Peptides were synthesized using standard solid phase Fmoc chemistry on a peptide synthesizer (model 433A; Applied Biosystems, Foster City, CA). Protecting groups were removed from resin-bound amino acid residues using hydrogen fluoride. Fmoc amino acids were purchased from AnaSpec, Inc. (San Jose, CA), and N-formyl methionine was purchased from Bachem Bioscience Inc. (King of Prussia, PA). Peptides were purified by reverse-phase HPLC on a Luna 10μ C18(2) 250 × 2.12 mm column (Phenomenex, Inc., Torrance, CA) using an HPLC pump (model 510; Waters Associates, Milford, MA). Integrity of the peptides was confirmed using a Voyager reverse-phase matrix-assisted laser desorption ionization time-of-flight mass spectrometer (PerSeptive Biosystems, Framingham, MA). Peptides were dissolved in 100% DMSO, aliquoted, and stored at −20°C. Stock solutions were diluted in PBS as needed.
CTL Clones and Assays.
CTL clones were generated by immunizing 8–10-wk-old female C57BL/6 mice i.p. with 104 CFU LM (serotype 1/2a). Spleen and lymph node cells were harvested on day 8 after infection. Erythrocytes were lysed with Tris-buffered ammonium chloride (Sigma Chemical Co.), and spleen and lymph node cells were cultured in flat-bottomed 24-well plates in 2 ml cIMDM/well. Spleen and lymph node cells, 2 × 105/well, were restimulated with 2 × 104 irradiated (18,000 rads) LM-infected MC.12 or BMC2.3 cells/well in the presence of 4 × 106 irradiated (3,000 rads) C57BL/6 spleen cells/well. The MC12 and BMC2.3 cell lines were infected with LM at a multiplicity of infection (MOI) of 10:1 for 3 h before establishing the restimulation culture. Responder cells were cloned by limiting dilution in flat-bottomed 96-well plates after 1 wk in culture. CTL clones were restimulated every 7–8 d in 24-well plates and cultured in cIMDM supplemented with 4% supernatant from concanavalin A–stimulated rat spleen cells.
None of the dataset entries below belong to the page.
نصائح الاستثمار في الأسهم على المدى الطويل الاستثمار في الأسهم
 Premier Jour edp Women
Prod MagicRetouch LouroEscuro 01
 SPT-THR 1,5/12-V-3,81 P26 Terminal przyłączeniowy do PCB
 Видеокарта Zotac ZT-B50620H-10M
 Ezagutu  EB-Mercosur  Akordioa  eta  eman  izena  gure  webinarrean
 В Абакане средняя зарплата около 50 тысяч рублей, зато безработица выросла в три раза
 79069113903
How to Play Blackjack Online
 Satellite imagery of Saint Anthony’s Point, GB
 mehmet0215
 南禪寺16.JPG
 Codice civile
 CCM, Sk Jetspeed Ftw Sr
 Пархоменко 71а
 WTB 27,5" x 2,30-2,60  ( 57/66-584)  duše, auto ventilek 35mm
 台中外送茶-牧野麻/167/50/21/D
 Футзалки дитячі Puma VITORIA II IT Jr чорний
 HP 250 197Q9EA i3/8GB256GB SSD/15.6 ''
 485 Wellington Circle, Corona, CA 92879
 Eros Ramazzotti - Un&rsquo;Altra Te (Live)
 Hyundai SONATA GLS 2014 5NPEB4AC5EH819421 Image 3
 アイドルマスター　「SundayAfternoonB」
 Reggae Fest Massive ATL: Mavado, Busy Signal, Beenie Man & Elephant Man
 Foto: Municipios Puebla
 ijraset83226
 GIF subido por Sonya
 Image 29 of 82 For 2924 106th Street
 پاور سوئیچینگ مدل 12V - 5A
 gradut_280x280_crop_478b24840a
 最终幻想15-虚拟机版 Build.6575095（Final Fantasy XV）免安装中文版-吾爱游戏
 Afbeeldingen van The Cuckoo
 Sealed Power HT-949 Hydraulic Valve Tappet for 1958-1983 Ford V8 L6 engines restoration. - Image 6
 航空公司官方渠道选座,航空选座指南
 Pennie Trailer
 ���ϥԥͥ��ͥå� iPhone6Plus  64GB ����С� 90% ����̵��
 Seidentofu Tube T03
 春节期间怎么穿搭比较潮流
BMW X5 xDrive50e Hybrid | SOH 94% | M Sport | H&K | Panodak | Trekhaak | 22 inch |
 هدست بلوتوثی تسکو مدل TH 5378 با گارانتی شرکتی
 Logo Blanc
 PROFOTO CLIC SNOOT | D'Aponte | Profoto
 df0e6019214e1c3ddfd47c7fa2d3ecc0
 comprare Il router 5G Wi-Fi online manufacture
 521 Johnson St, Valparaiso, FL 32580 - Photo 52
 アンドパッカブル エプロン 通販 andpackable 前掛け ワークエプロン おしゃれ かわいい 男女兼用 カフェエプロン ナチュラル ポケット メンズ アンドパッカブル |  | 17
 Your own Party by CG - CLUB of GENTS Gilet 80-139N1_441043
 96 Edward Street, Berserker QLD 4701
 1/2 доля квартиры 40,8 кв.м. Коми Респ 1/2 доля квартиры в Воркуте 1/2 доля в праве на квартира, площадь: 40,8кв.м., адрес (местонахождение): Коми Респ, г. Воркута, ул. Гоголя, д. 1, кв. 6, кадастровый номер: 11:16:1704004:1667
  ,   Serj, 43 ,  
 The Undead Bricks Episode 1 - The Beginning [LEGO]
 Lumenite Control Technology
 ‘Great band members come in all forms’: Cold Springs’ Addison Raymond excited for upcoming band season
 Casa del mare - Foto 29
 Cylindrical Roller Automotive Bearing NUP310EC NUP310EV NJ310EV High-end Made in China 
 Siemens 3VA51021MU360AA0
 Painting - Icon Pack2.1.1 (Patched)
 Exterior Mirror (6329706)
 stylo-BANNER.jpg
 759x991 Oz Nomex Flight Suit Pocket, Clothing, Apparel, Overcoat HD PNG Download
Target cells were labeled with [51Cr]NaCr2O4 for 1–1.5 h. Target cells that were to be infected with LM were cultured in antibiotic-free cIMDM for a minimum of 72 h before assay. LM from a log phase culture were washed three times in PBS, then added to target cells at an MOI of 10:1. Gentamycin sulfate (Sigma Chemical Co.) at a final concentration of 10 μg/ml was added 30 min after infection to kill extracellular bacteria. LM culture supernatants and peptides were incubated with target cells for 1–2 h at 37°C before addition of effectors. Peptide titration curves for N-formyl and nonformylated peptides were performed in sfIMDM to eliminate peptide degradation by serum proteases.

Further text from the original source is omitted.